Of the 105 patients identified, 38 patients received pediatric surgery consults (36%); 73 patients had abdominal trauma labs (70%); and 9 patients had abdominal imaging including plain films, abdominal ultrasounds, or abdominal CTs (11%). Of those patients, 6% had abnormal lab result. Four patients had physical examination findings of abrasions or bruising to the chest and/or abdomen; however, 69 additional patients underwent laboratory evaluation without physical findings. Only 1 patient had abdominal pathology (liver laceration) which was detected on abdominal CT and managed conservatively. Six patients without abnormal labs had imaging performed. Twenty-seven surgical consults were obtained without positive physical examination or abnormal laboratory findings.

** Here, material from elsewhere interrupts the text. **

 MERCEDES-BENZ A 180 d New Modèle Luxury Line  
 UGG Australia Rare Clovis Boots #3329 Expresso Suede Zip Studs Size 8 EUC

Of the 105 patients included in this study, only one patient was found to have abdominal injury with abrasions to the chest and increased liver function test results. While NAT is a leading cause of morbidity and mortality in children under the age of 12 months, and it is imperative to appropriately evaluate and manage these patients, it is also important to minimize interventions in children to avoid further psychological/emotional trauma. Through this study, routine evaluation for intra-abdominal injury in our patient population is not warranted. There is evidence that the evaluation of these children can be better defined with laboratory evaluation to those with abnormal physical examination findings and imaging and surgical consultation for those with either physical examination findings and/or laboratory findings.

Implications for the Patient

Potentially unnecessary testing can be eliminated in children less than 12 months of age presenting to the emergency department for suspected NAT with avoidance of further psychological and emotion trauma as well as unnecessary radiation.